I am disappointed he has left or levitated out of the Chamber. We have a new definition of green jobs, given that the only people to get the leg up in terms of this reshuffle are the two green backbenchers. It is quite extraordinary. I congratulate the Tánaiste on her nomination as the new Minister for Education and Skills. I understand Deputy Varadkar said that he would look forward to our interventions across the floor of the House. I can assure the Tánaiste I am a pussycat by comparison to Deputy Varadkar.

I also congratulate the Minister of State, Deputy Carey, on his nomination to the new post. I also congratulate the Minister, Deputy O'Keeffe, the effective Marc Antony of this Administration in that he has the ear of Caesar, on his nomination as the new Minister for Enterprise and Employment.

On the question of education, the Taoiseach has hived off the fourth level research section from the Department of Education and Science to the new Department of Enterprise and Employment without also including third level education with it. That is dysfunctional. We, effectively, have a new Department of Education and Skills, which will also have some funding for FÁS in terms of retraining, which is a good thing but the problem is that the Department is too big. It is effectively a Department of schools. It does not have any interest in further education, training opportunities or even higher level education. This Department, which is already too big is to become bigger under the reshuffle. There is a disconnect between what the Taoiseach wants to do in terms of research, laudable as it is, and not having attached to it the third level sector. The third level sector will still come under the Department of Education and Skills while the fourth level sector, research, will be come under the new Department. Where is the connectivity in policy in that regard, which the Taoiseach is trying to achieve? I know he is trying to achieve more commercialisation of the research budget, which is now significant, but I do not believe he will succeed.
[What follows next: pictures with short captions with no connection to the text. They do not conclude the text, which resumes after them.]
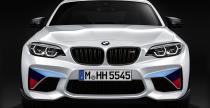 BMW M2 na renderach Monholo Oumar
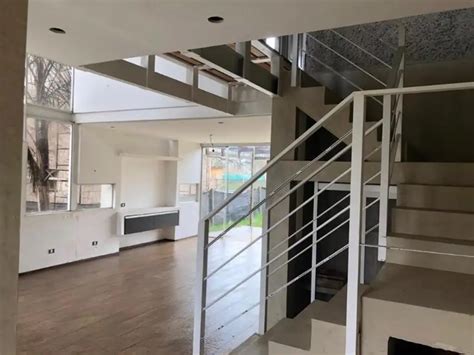 Venta Casa A Estrenar 3 Dormitorios 130m2 2 Cocheras Ayres Lofts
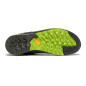 Pánské boty Asolo Freney Guida GV MM graphite/green lime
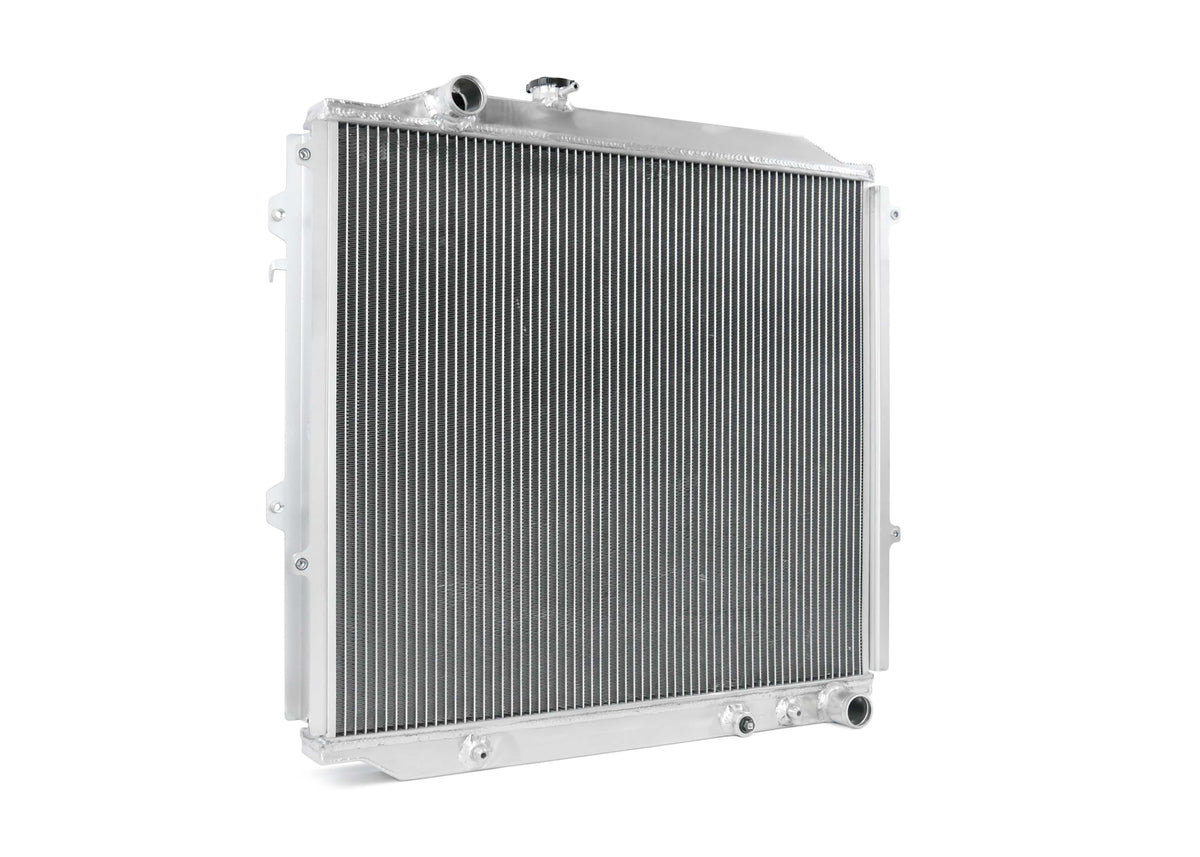 Toyota Hilux Surf KZN185 & Land Cruiser Prado KZJ95 1KZ-TE | Performance Radiator
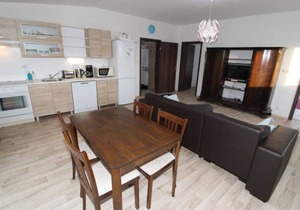 Apartment ∙ 2 bedrooms ∙ 6 guests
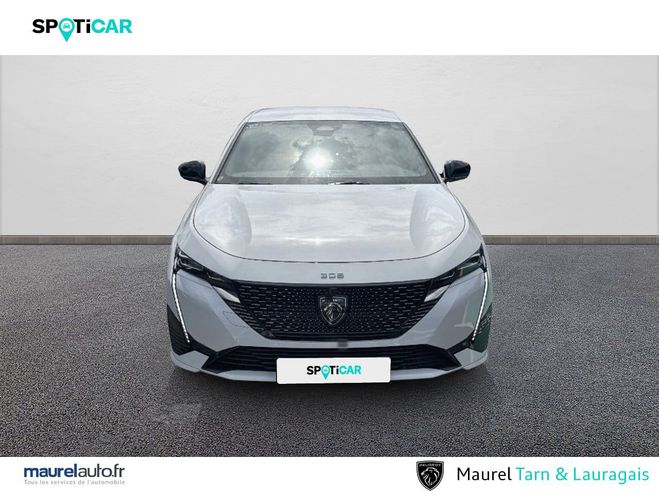 Peugeot 308 308 Electrique 54 kWh 156ch GT 5p White de 2024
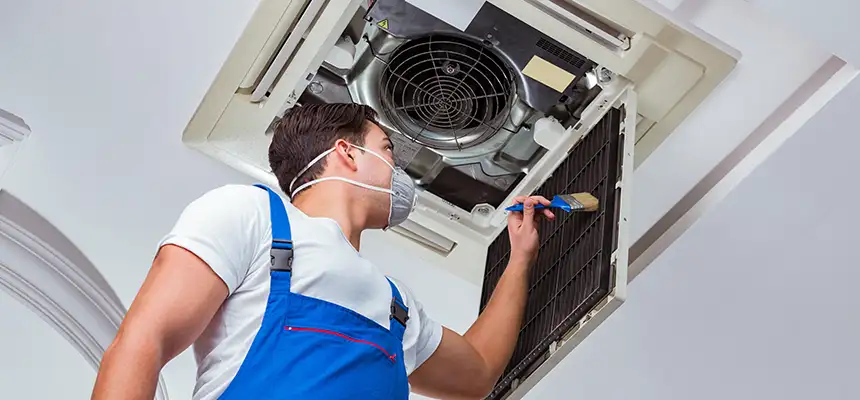 Our Move-in/Move-out Duct Cleaning Services in Westchase, FL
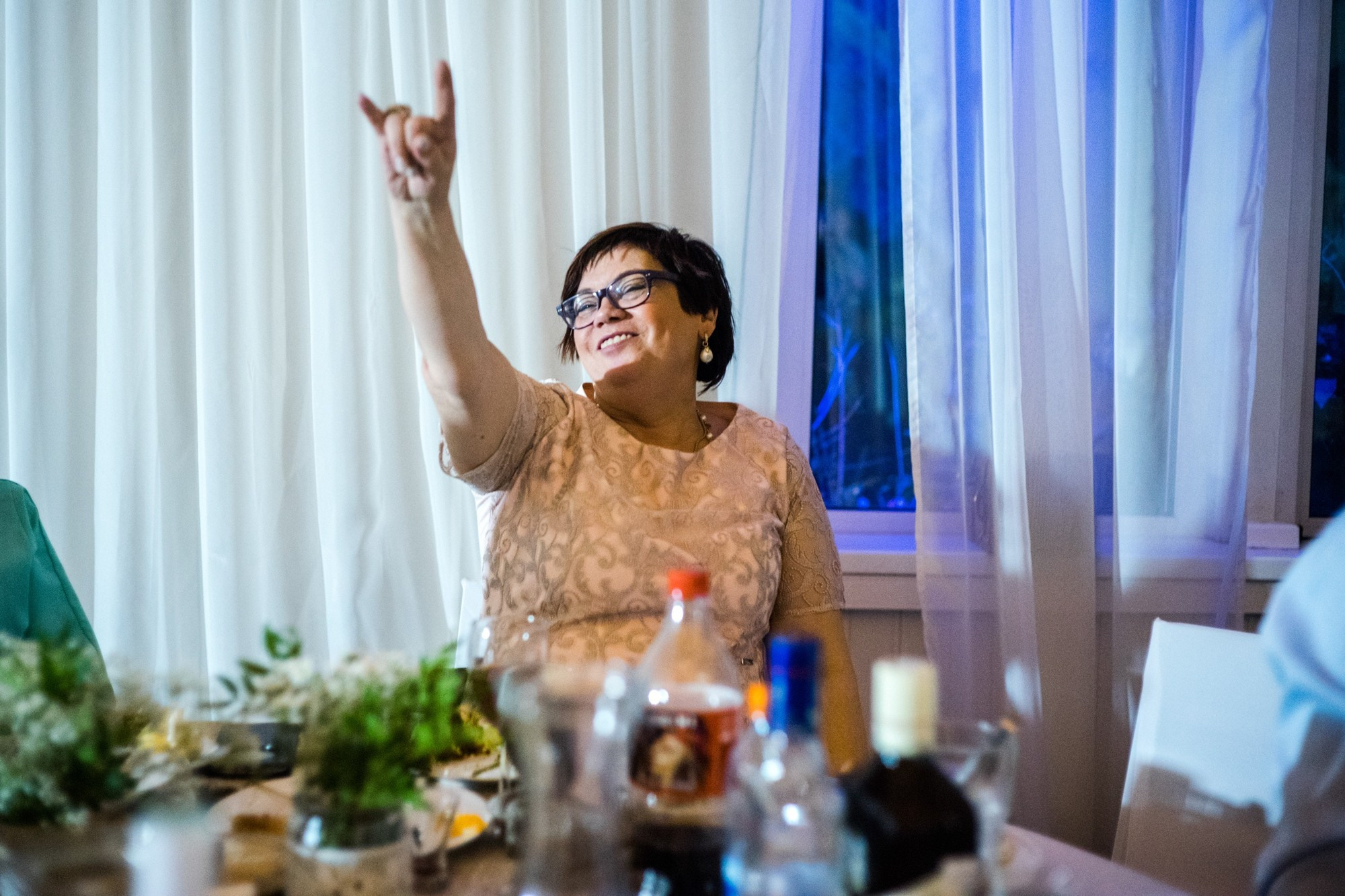 Katya and Vanya, St-Petersburg, Russia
The Departments of enterprise, education and social welfare will now have a foot, as it were, on FÁS. This is bizarre. FÁS will no longer be answerable to one Minister in one Department but, effectively, will be answerable to three Ministers in three Departments. That will not solve the problems we face at a policy level within any of those Departments.

On the day Deputy Cowen became Taoiseach he highlighted the issue of public service reform as the number one concern. He said that by September he would have his plans for that reform, but he did not achieve that benchmark. The notion that public service reform can be achieved by moving a few Ministers around a few Departments without changing the way in which the public service deals with the public is total anathema. There is no sense of a radical idea of public service reform in this reshuffle, limited as it is.

This is a good day for those Ministers who have been given an opportunity to serve in high office, and I congratulate them, but this country needs a new start. It will not get a new start from the same group of people who have led this country into the mire during the past 13 years in government. The public see through that, as does everyone else, and that is why there will be no great change as a result of this reshuffle.